(1898-1976) The distinction of Paul Robeson as a singer does not lie in the physical range of his voice, but in the range of feeling which moves the singer in his choice of songs. The breadth of his appeal may lie in his arrant rejection of all songs -no matter how popular- which do not reflect his own feelings. Thus, Robeson and his songs merge into an indivisible expression.
It is surely unique for a singer of folk songs -for so Robeson has designated himself- to have drawn forth the most impassioned eulogies from the severest music critics, men of learning in entirely unrelated fields and, at the same time, to have appealed for so many years to average people from miners to housewives.
In essence, Paul Robeson's mode of singing has never changed, only his repertoire of songs has expanded. It is no exaggeration to say that he is the only singer who has mastered with equal ease a Chinese song, a Hebrew chant an an old English ballad.
When asked to discuss himself, Robeson has frequently said that he feels that songs he sings are more expressive of his exact feelings than anything he can articulate about himself in words. Robeson has sung to the world not for the sake of individual fame, but to communicate to the world through song.
His father was the Reverend William Drew Robeson of the Witherspoon Presbyterian Church of Princeton, New Jersey, where Robeson was born. His mother was a Quaker faith and of Negro, Indian and English descent. He was born and bred in the heritage of the spiritual, which embodies the deepest emotional and spiritual aspirations of the American Negro.
Thus, during his school days, his college years and as he struggled to put himself through law school, Paul Robeson often sang in Negro choirs.
It is not generally known that Robeson first went to England on 1922 while he was still a law student at Columbia University and there he raised his tuition fees by appearing in a play called Voodoo, with Mrs. Patrick Campbell. This was the beginning of an acting career that later brought him fame through his roles in Eugen O'Neill's All God's Chillun Got Wings and Emperor Jones.
The climax of his acting carrer came with his appearence in the title role of Shakespeare's Otello.
Through the years in America he continued to sing the songs of people of the world in their own language, the Songs of Free Men as his record album was called. Perhaps his most triumphant musical achievement was the interpretation of the cantata Ballad for Americans by Earl Robinson, which received a coast-to-coast broadcast by CBS in November 1939 and which Robeson sang to many audiences thereafter.
With the end of the war, Robeson found himself cut off from the mainstream of American concert life. During the years of his exile he continued to study the music of the peoples of the world. In his book Here I Stand he wrote:
"I found enourmous satisfaction in exploring the origins and interrelations of various folk music... Interested as I am in the universality of mankind -in the fundamental relationship of all peoples to one another- this idea of a universal body of music intrigued me, and I pursued it along many fascinating paths"
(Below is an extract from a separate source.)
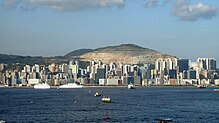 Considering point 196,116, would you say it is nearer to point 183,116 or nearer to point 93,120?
point 183,116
On May 9,1958 Robeson appeared in his first Carnegie Hall concert in eleven years and convinced critics and audience that his voice still retained its power and beauty. Shortly after this concert Robeson went to Europe, and was greeted everywhere with tremendous enthusiasm.
After two strokes in less than a month, Paul Robeson, 77, dies in Philadelphia on January 23. At his funeral, 5,000 mourners listen to recorded spirituals, sung in Robeson's rich baritone, as his closed casket is carried out of his brother Ben's church into a cold Harlem rain.